The ci-multiplatform project is a generic, OCI-based multi-architecture CI system designed to make cross-platform testing practical for open-source projects using GitLab CI. Originally created while enabling RISC-V support for Pixman (https://gitlab.freedesktop.org/pixman/pixman), it has since grown into an independent project under the RISE (RISC-V Software Ecosystem) umbrella: https://gitlab.com/riseproject/CI/ci-multiplatform, with a mirror on freedesktop.org: https://gitlab.freedesktop.org/pixman/ci-multiplatform
The project provides multi-arch layered OCI images (Base GNU, LLVM, Meson) based on Debian, GitLab Component-style templates, and fully automated downstream test pipelines for the included examples. It supports creating customized OCI images, building and testing across 16 Linux and Windows targets – including x86, ARM, RISC-V, MIPS, and PowerPC – using unprivileged GitLab runners with QEMU user-mode emulation. Architecture-specific options (e.g., RISC-V VLEN configuration) allow developers to exercise multiple virtual hardware profiles without any physical hardware, all within a convenient job-matrix workflow.

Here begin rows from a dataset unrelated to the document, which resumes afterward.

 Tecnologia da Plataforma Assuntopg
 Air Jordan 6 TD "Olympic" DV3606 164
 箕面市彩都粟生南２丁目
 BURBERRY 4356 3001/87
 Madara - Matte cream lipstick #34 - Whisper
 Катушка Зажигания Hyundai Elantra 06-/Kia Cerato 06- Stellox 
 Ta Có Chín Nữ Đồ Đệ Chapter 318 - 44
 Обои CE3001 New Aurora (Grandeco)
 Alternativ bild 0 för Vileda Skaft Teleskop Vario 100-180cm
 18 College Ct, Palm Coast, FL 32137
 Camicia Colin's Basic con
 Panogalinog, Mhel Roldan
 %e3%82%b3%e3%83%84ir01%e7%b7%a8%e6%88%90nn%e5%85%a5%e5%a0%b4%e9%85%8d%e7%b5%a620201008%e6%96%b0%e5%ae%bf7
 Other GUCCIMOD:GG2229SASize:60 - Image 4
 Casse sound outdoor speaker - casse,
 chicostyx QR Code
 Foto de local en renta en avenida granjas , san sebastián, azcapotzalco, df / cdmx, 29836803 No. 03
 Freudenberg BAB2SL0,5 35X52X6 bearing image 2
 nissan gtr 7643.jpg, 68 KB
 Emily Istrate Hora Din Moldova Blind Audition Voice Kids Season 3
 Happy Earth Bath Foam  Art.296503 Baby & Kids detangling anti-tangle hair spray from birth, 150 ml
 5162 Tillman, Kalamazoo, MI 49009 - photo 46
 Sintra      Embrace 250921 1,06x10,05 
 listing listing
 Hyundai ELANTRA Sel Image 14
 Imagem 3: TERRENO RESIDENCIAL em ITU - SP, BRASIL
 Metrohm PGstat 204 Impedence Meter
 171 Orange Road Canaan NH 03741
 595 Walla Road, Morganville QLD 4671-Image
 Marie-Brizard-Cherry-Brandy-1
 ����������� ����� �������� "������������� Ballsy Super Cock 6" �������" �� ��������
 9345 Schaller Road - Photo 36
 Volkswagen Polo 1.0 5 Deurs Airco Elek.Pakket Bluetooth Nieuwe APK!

The talk covers how the system is engineered, tested, and validated across multiple GitLab instances, and what happens when unprivileged runners, QEMU quirks, toolchain differences, and architecture-specific behaviours all converge in a single pipeline. I will show how projects can adopt ci-multiplatform with minimal effort and turn multi-arch CI from a maintenance burden into a routine part of upstream development.